The $91.5 million Defence contract is double the value of its previous most lucrative contract with the big spending department, and was revealed Thursday through public tender documents.
Canberra Data Centres (CDC) will receive $91.5 million from Defence over the life of the ‘Data Centre Services’ contract which runs to 2032.
The arrangement comes just weeks before CDC’s other main deal with Defence – an eight year, $48 million ‘Data Pod’ contract – is set to expire in September.
But the latest contract is not a replacement, a Defence spokesperson said..
“The new contract with Canberra Data Centres provides additional infrastructure and services support to Defence’s data hosting capabilities, consistent with Defence’s Data Hosting Strategy,” the spokesperson told InnovationAus.com
The contract pushed CDC’s total Canberra work past the $1 billion mark, according to public tender documents disclosing the 288 contracts it holds or has held with Australian government agencies.
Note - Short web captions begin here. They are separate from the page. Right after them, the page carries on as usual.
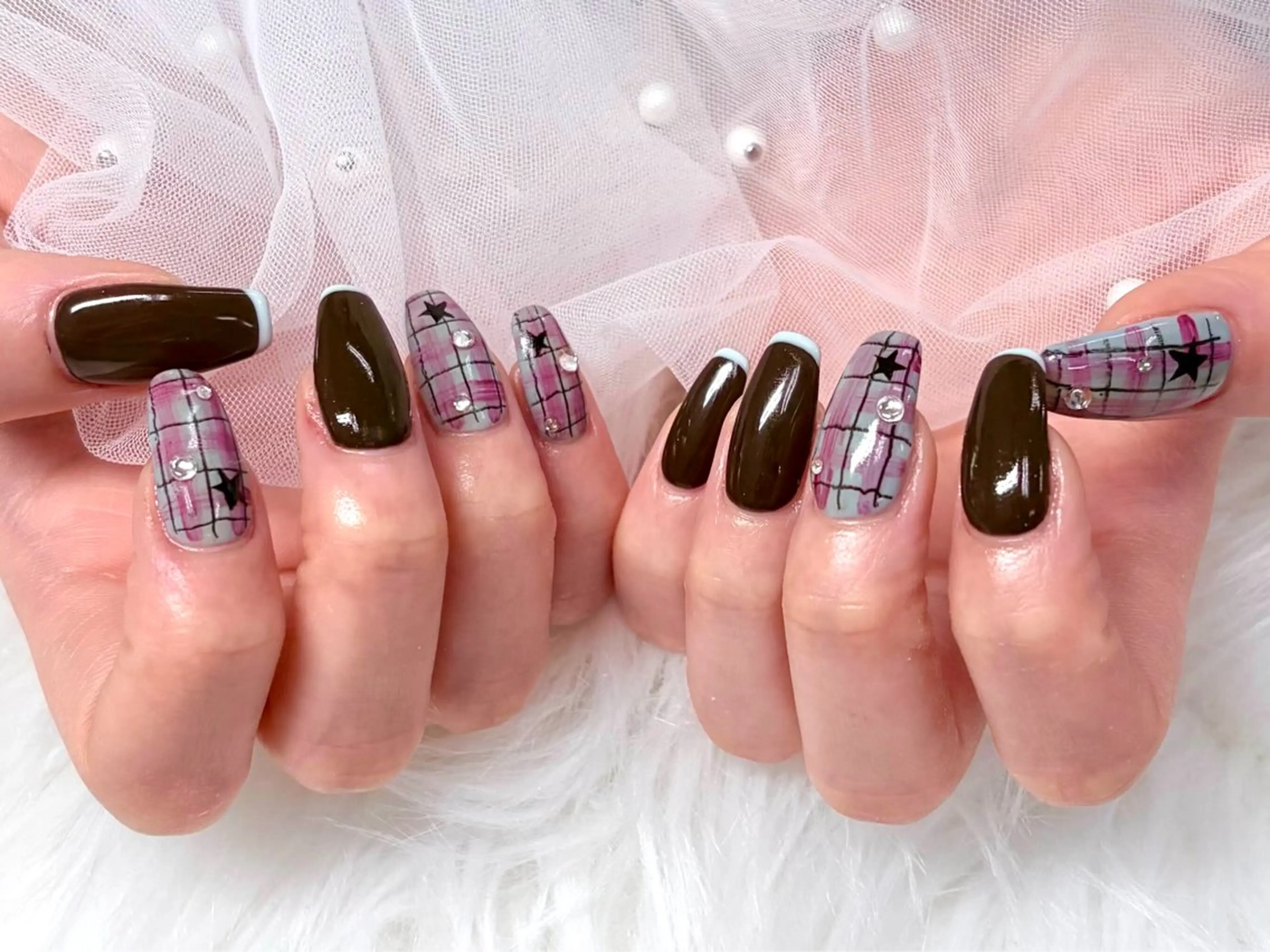 ネイル アートネイル ジェルネイル 韓国ネイル マグネットネイル 持ち込み ハンドネイル Nail Neige🐈🌙のネイルデザイン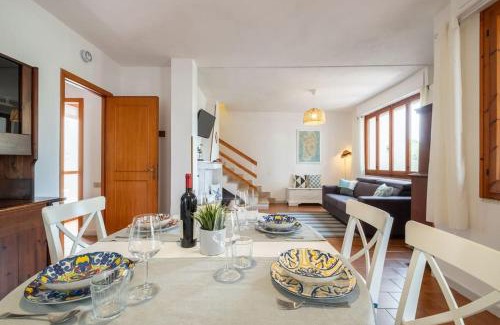 S'oru e Mari Villa | Villa Sant'Andrea 180m to the Sea- Privat Parking-Netflix-Self Check in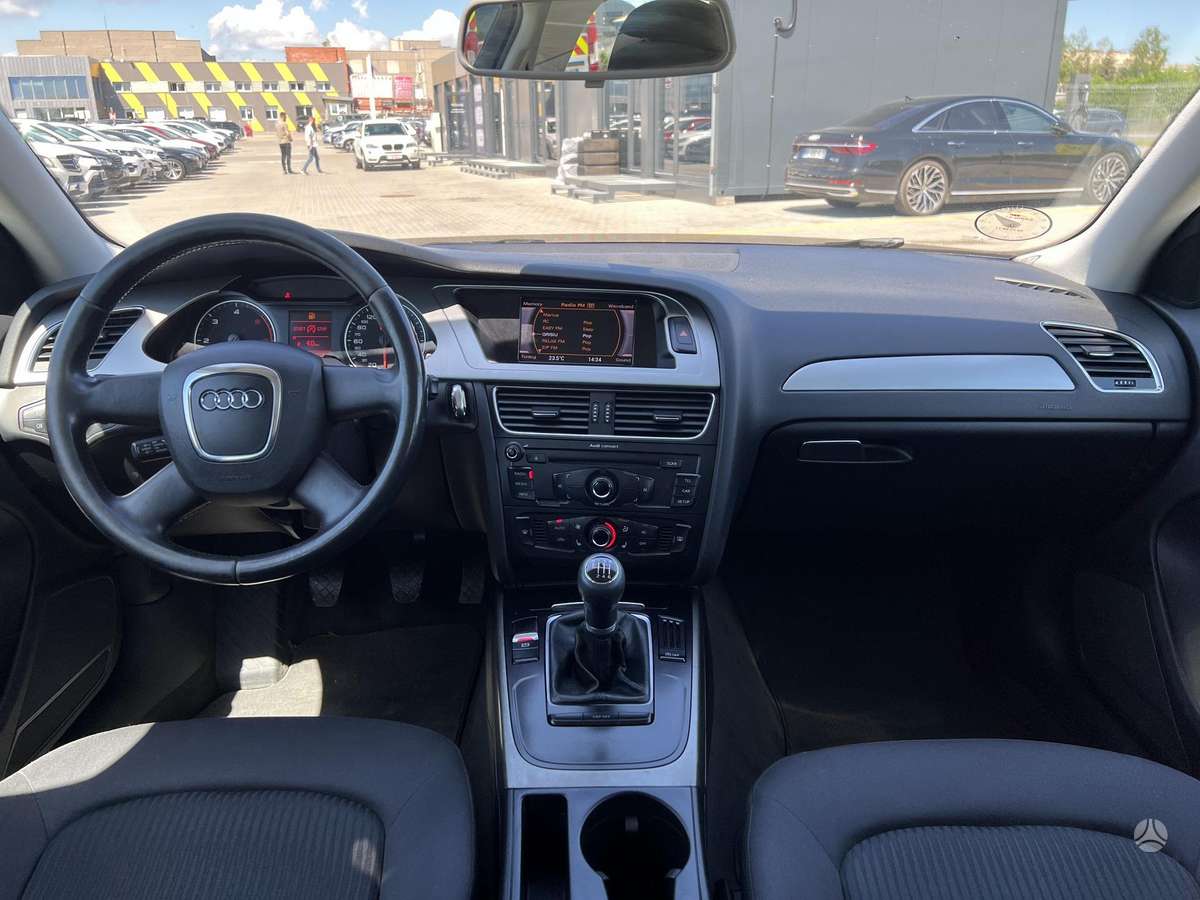 Audi A4, 2.0 l., Универсал
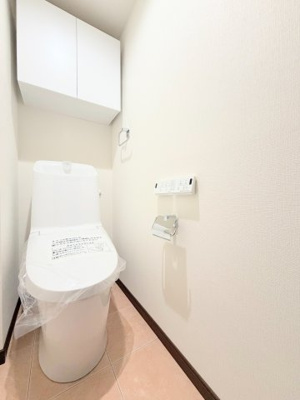 【トイレ】 | ニューライフマンション大倉山 | ◆清潔感のある白を基調とした落ち着ける空間。小窓をもうけていますので、こもりやすい空気の入れ替えも簡単に行えますね！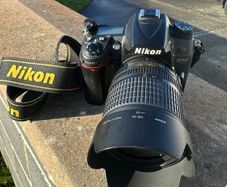 Nicon D7000 camera for sale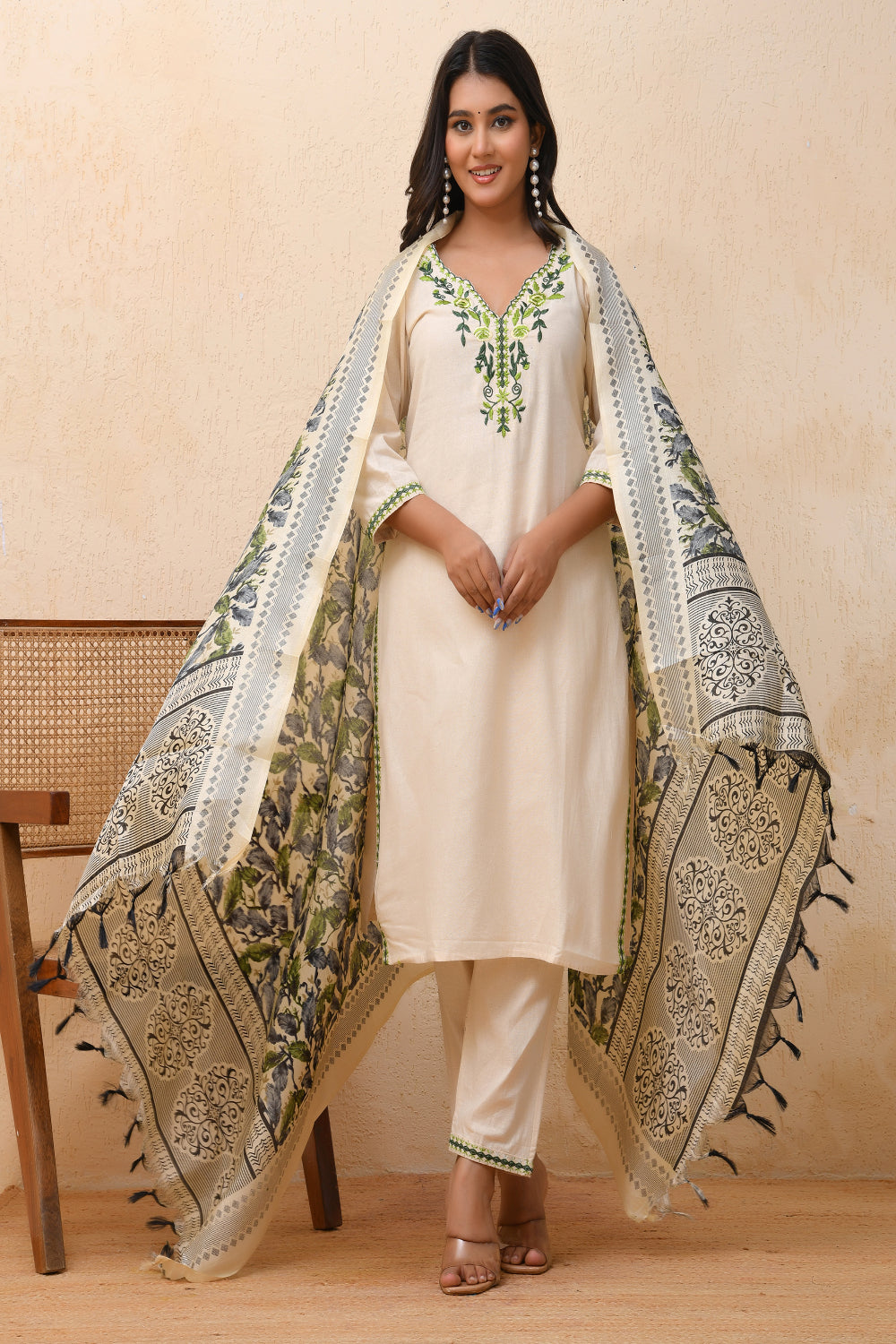 Vaasva Women Cream Embroidered Suit Set - Distacart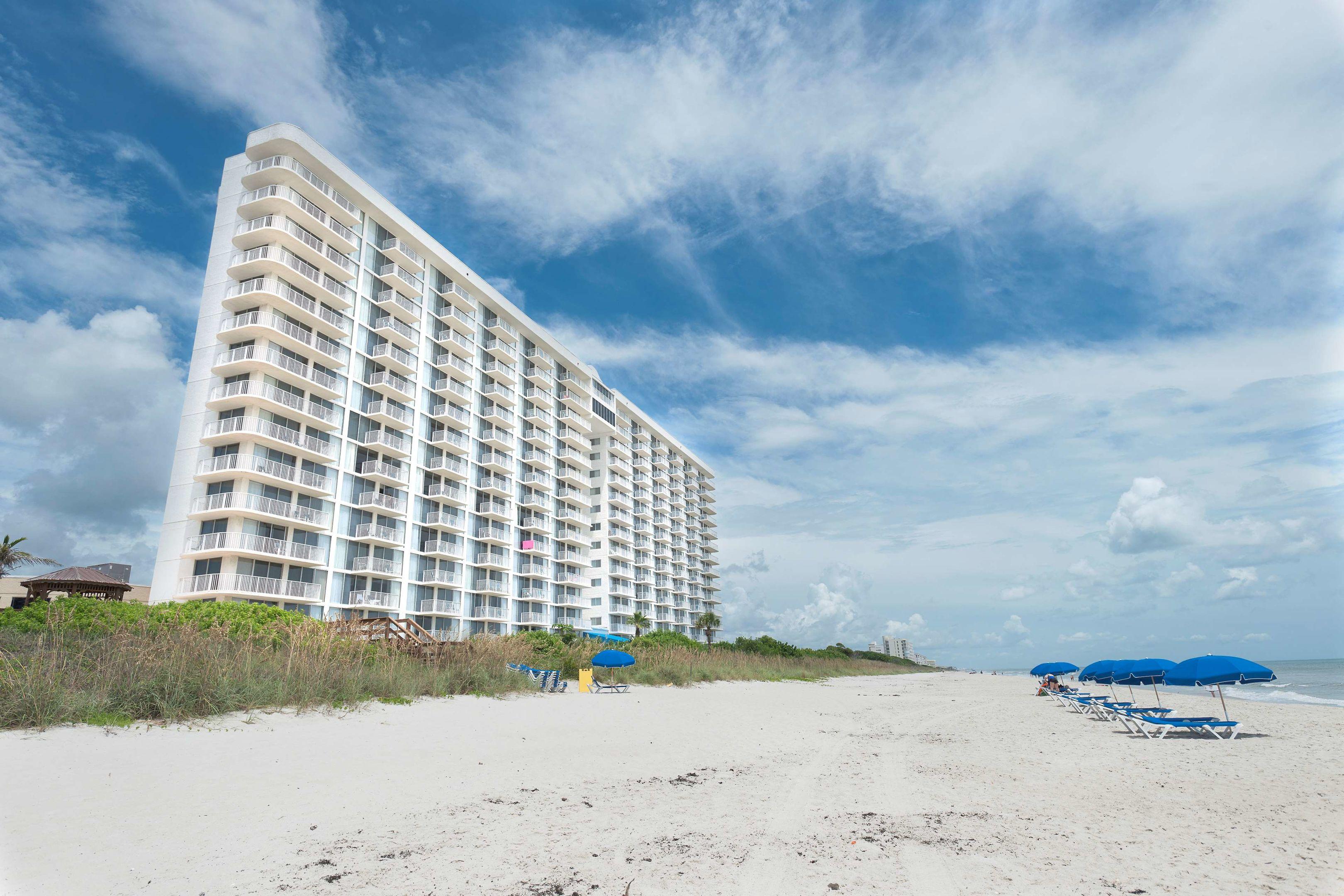 Radisson Suite Oceanfront — photo 4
Founded in 2007 by Ken Lowe, Craig Sebbens and Greg Boorer to provide government clients with the secure data centre facilities they increasingly needed; the company grew to an $816 million valuation, when it was sold to institutional investors in 2016.
It is now the largest privately-owned and operated data centre business in Australia, with Mr Boorer still its chief executive officer.
CDC has expanded to non-government areas but holds large deals with Commonwealth agencies, including its biggest arrangement with Services Australia, an 11-year $295 million facility lease.
It also holds a $95 million deal with Home Affairs and a $73 million deal with the Tax Office, both running for a decade each.
CDC is one of a handful of providers cleared to hold sensitive government data under the new Hosting Certification Framework sovereignty scheme.
The latest contract with Defence was signed under the Data Centre Facilities Supplies Panel (Panel 2) which is expected to be superseded by a new arrangement from next year.
This article has been updated to include a comment from a Defence spokesperson.